On October 1, 2009, the SFO announced it intended to prosecute BAE Systems PLC—the world's second largest defense contractor—for offenses related to the payment of millions of Pounds in bribes to secure defense contracts in the Czech Republic, South Africa, Romania and Tanzania. According to media reports, BAE rejected the SFO's £300M offer to settle the case. According to those reports, BAE's advisers consulted the company that £20M was "closer to the mark" and that if the company complied with the SFO's demand it might open itself to lawsuits from shareholders for misuse of funds.
Fighting on Two Fronts: DOJ Involvement Possible
The BAE investigation may also indicate willingness of the SFO to get, or at least strategically threaten to get, other national agencies—particularly the DOJ—involved in an effort to increase pressure on the investigated companies. Thus, in the BAE context, media reports suggest that as part of its strategy to get BAE to settle the case, the SFO is considering assisting the DOJ in investigating BAE's contracts in Africa and central Europe.
BAE is currently under investigation in the U.S. for bribes allegedly paid to secure military contracts in Saudi Arabia. However, to date the SFO resisted U.S. involvement in the investigation of BAE's contracts in Africa and Europe.
Due Diligence Is Essential
Attention to bribery and corruption abroad is continuing to grow in the U.K. Commercial organizations should, as a rule, prohibit bribery in any form and commit to implementing systems to counter bribery.

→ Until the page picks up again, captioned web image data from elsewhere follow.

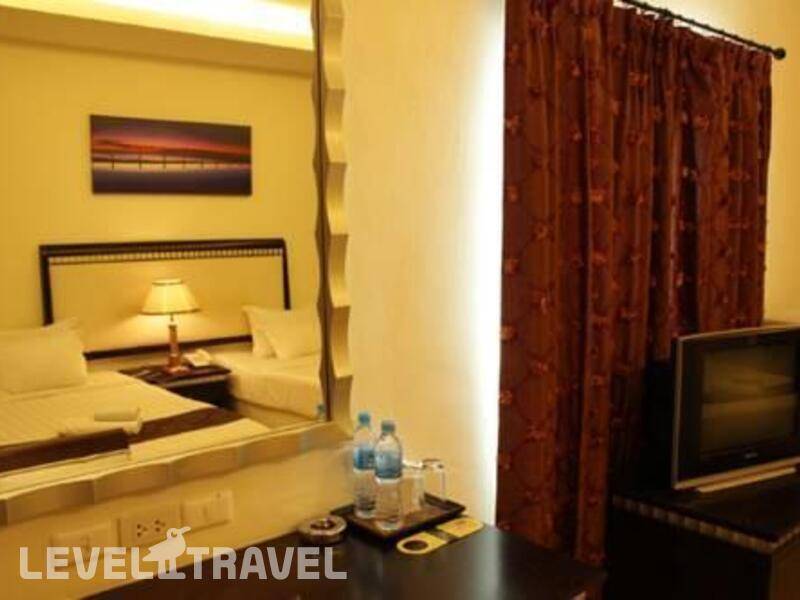 Фотография Superbed 'Otel Фотография Superbed 'Otel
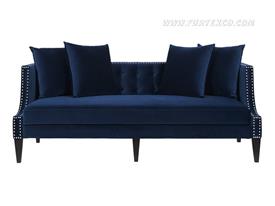 Sofa cổ điển SS18-715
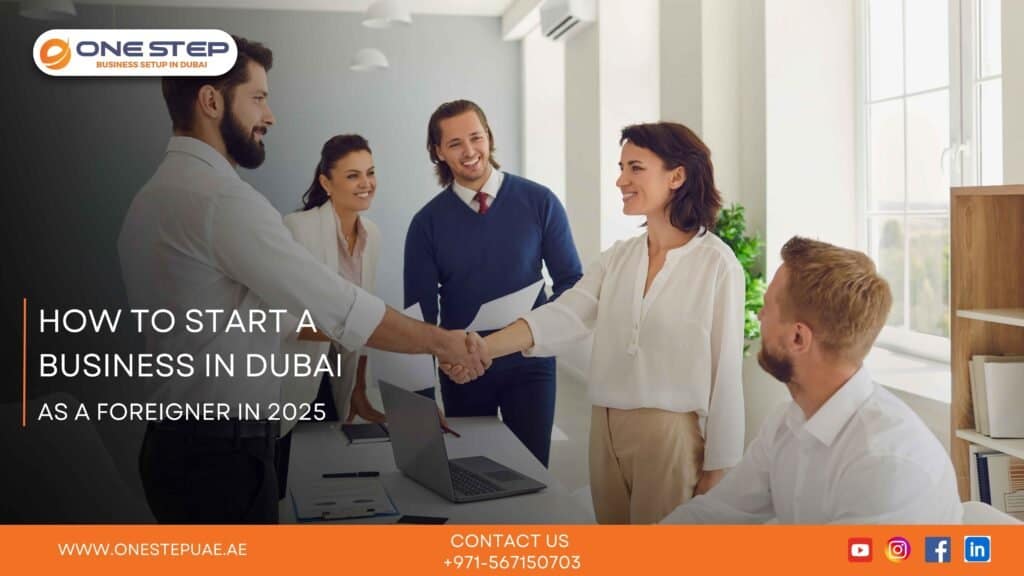 Company Formation in Dubai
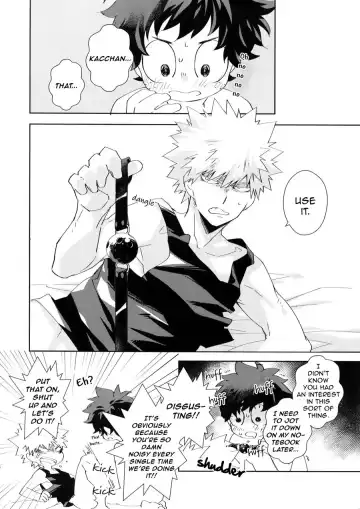 [Kuroi Misa] Urusai Kuchi o Fusagu Sube Fhentai - Page 8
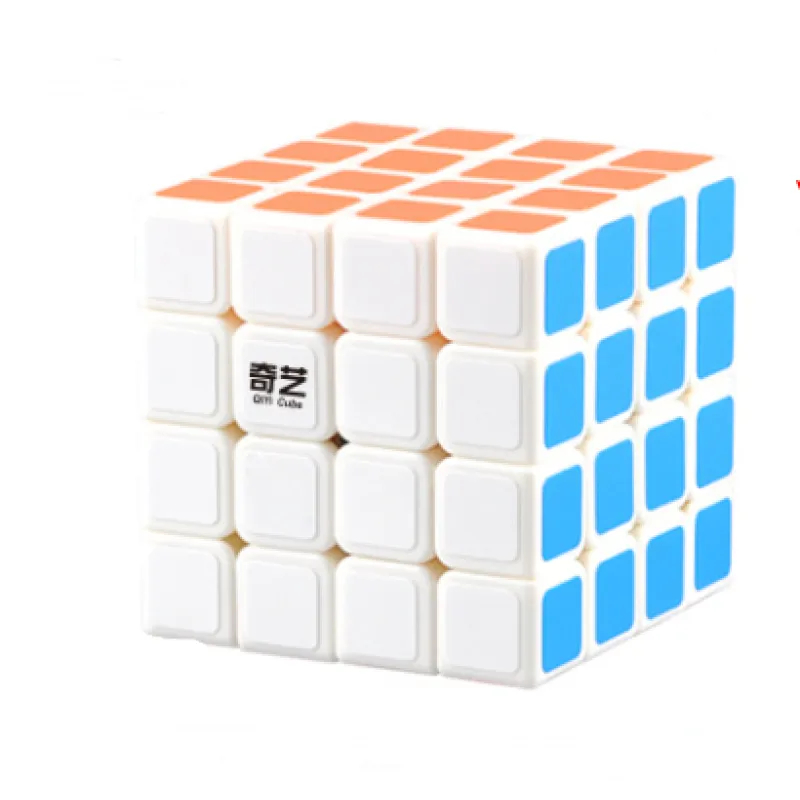 Rubik's Cube Qiyuan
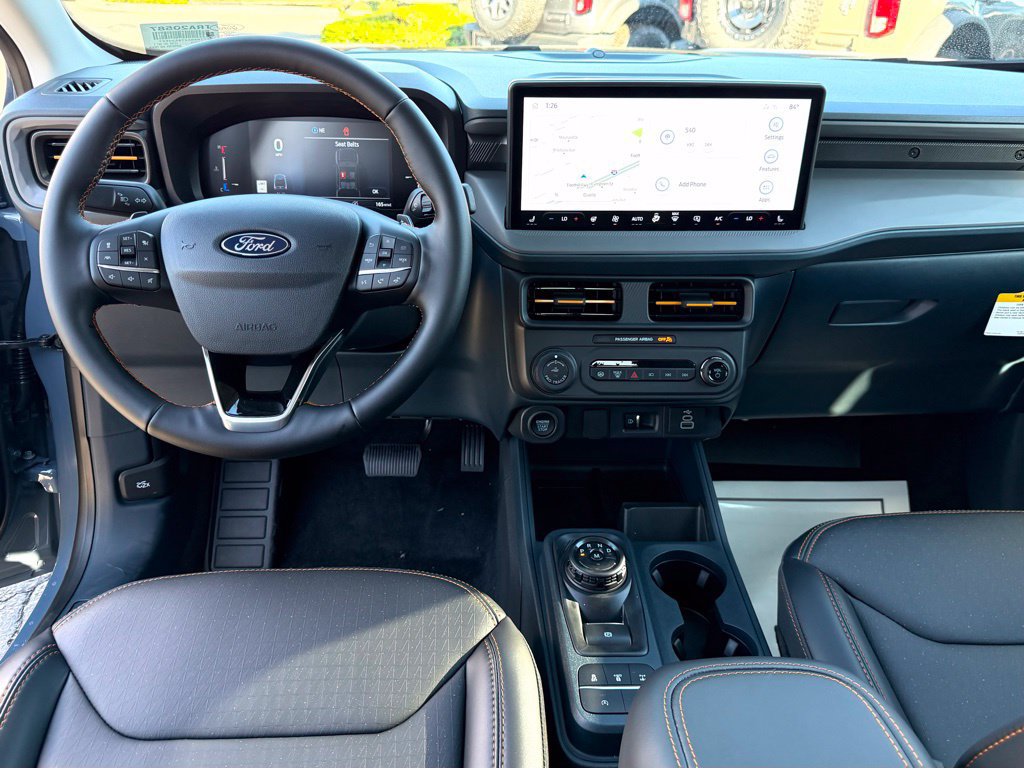 New 2026 Ford Maverick Tremor AWD/4WD image 29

The form of these systems will vary from organization to organization, and should be implemented following appropriate professional advice. Certain suggested principles and practical guidance on this issue have already been published. Some organizations may find the Business Principles for Countering Bribery publication by Transparency International (www.transparency.org) helpful in this regard.
Even when an organization is structured so as to best prevent bribery and corruption in its day-to-day operations, particular issues can arise in the context of M&A activity. In particular, it is becoming increasingly important to ensure that targeted questions are asked at the due diligence stage as to the existence of bribery and corruption in any target entity. If reasonable suspicion of such activities arises, organizations will need to consider the appropriateness of seeking advice and opinion from the SFO before any purchase is completed. In all cases, appropriate professional advice should be sought at the earliest opportunity.